MATERIAL SHOWN below:

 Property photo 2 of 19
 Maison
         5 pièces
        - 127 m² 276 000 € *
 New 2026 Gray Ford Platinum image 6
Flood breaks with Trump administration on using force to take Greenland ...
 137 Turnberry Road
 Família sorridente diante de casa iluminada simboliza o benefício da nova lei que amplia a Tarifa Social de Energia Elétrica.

End of MATERIAL SHOWN.
MATERIAL SHOWN below:

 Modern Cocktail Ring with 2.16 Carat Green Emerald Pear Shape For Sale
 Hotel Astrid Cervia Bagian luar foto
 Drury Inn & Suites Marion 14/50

End of MATERIAL SHOWN.

[WHAT TO PRODUCE]
Output should match, line for line, the stretch of the material above from the line holding "- 127 m² 276 000 € *" through the line holding "Família sorridente diante".

[RESPONSE TO THE EXERCISE]
        - 127 m² 276 000 € *
 New 2026 Gray Ford Platinum image 6
Flood breaks with Trump administration on using force to take Greenland ...
 137 Turnberry Road
 Família sorridente diante de casa iluminada simboliza o benefício da nova lei que amplia a Tarifa Social de Energia Elétrica.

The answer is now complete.